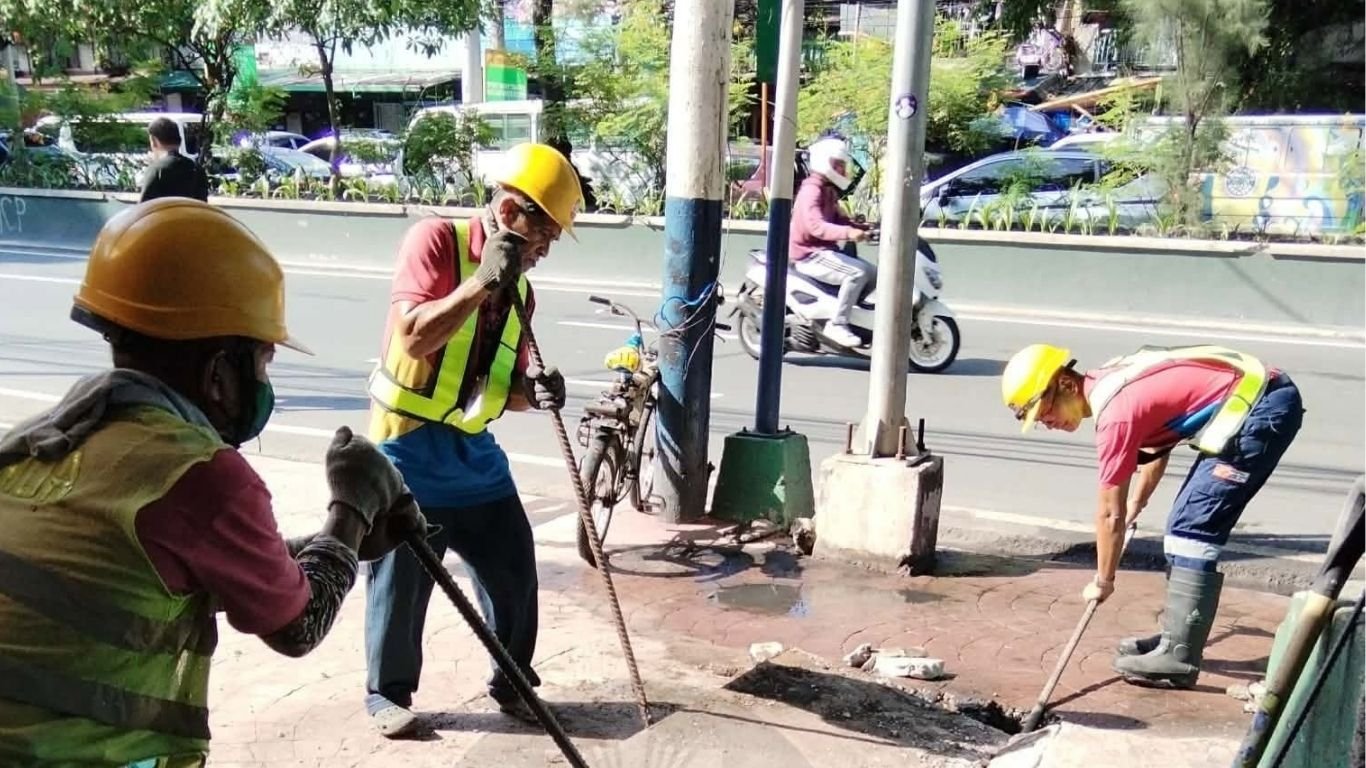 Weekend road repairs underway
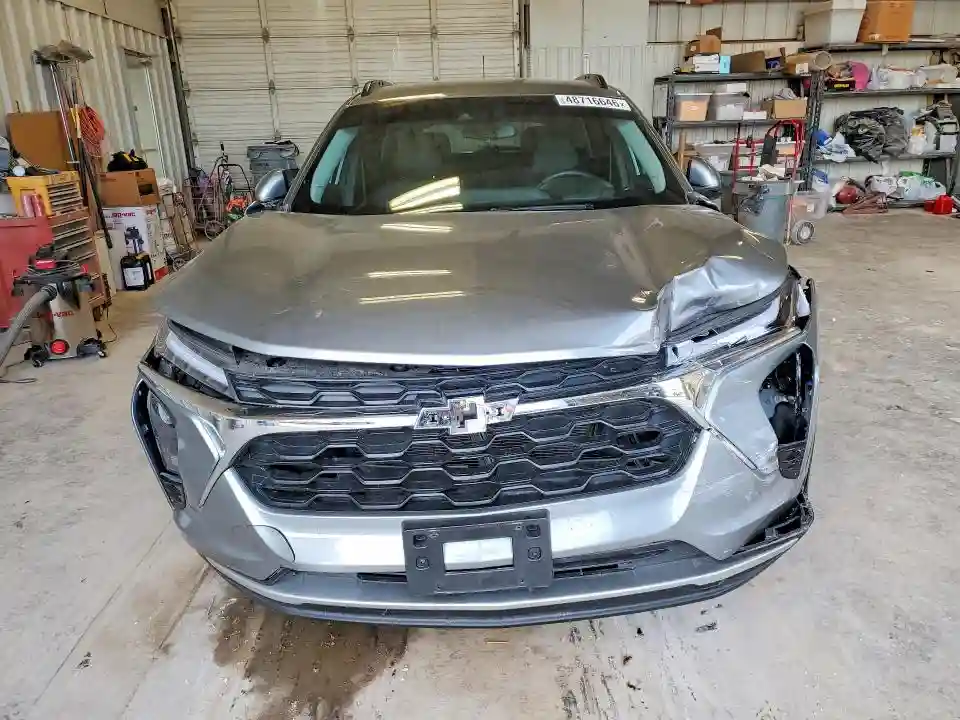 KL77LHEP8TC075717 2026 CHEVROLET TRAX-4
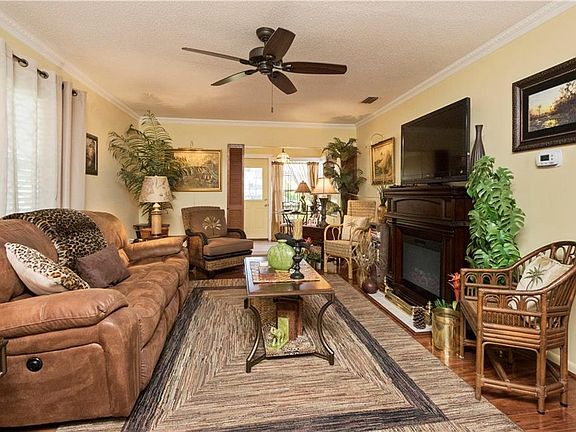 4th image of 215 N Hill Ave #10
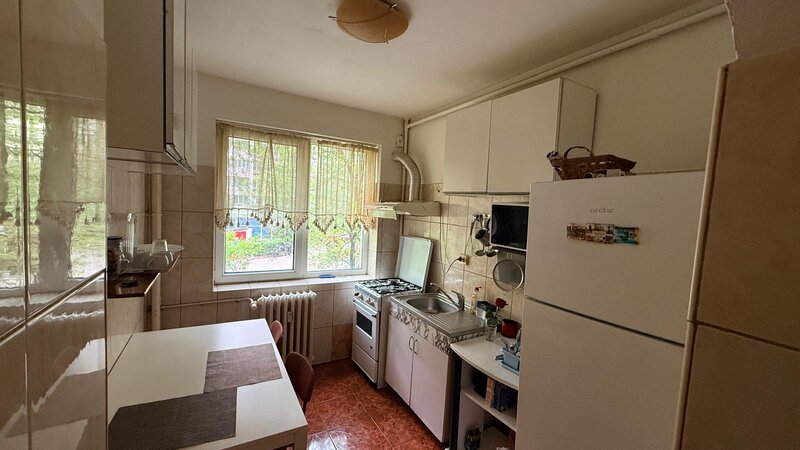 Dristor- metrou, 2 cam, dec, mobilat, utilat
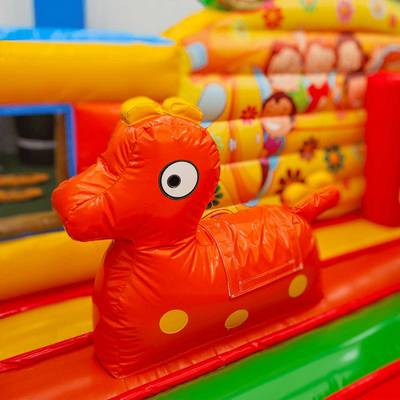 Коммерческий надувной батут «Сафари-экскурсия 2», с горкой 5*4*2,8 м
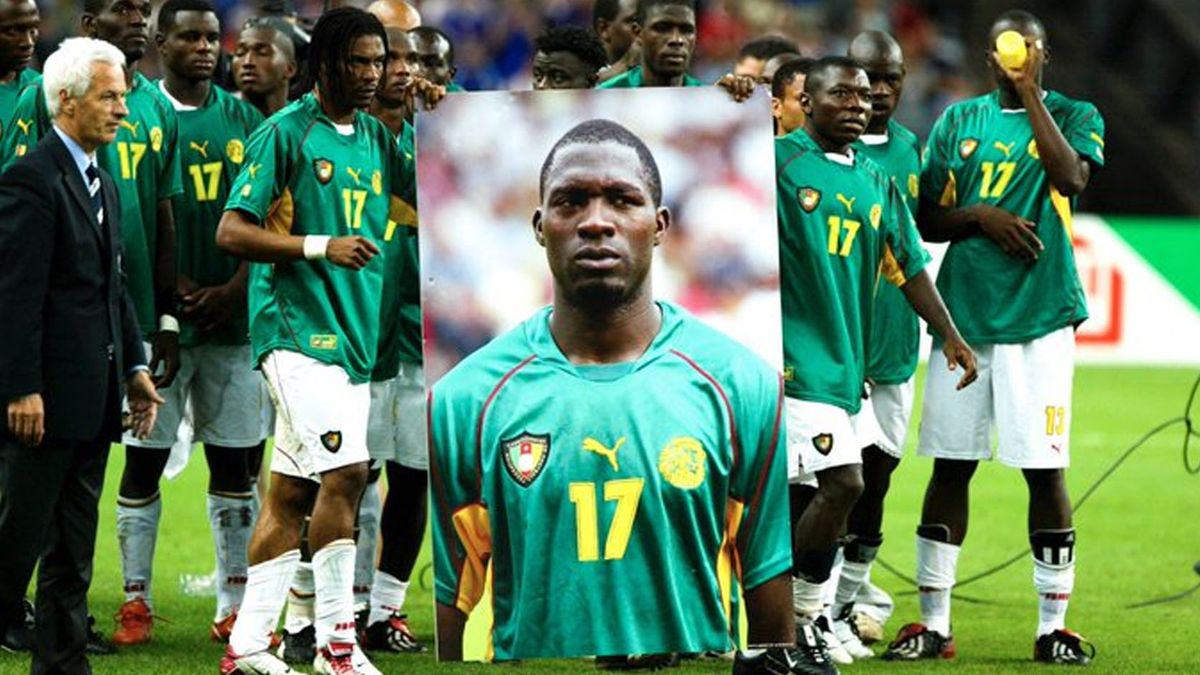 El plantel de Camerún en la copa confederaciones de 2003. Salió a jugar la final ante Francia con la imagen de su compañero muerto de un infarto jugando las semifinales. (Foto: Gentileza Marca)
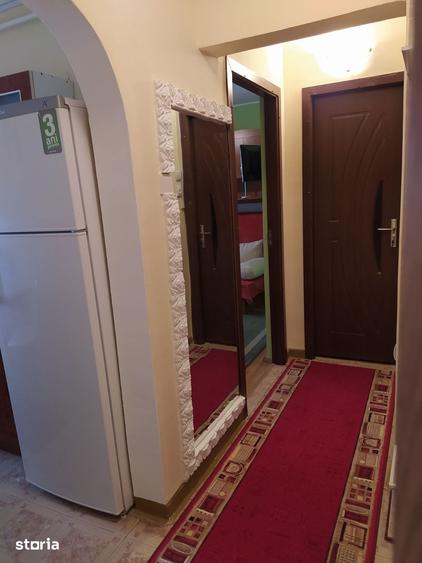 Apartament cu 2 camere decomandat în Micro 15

..............................

● **WHAT YOU WILL DO**: Leave every picture out and retype exactly the lines of the records above from the one holding "El plantel de" through the last, both ends included and nothing besides.

● **RESULT OF THE EXERCISE**:
 El plantel de Camerún en la copa confederaciones de 2003. Salió a jugar la final ante Francia con la imagen de su compañero muerto de un infarto jugando las semifinales. (Foto: Gentileza Marca)
 Apartament cu 2 camere decomandat în Micro 15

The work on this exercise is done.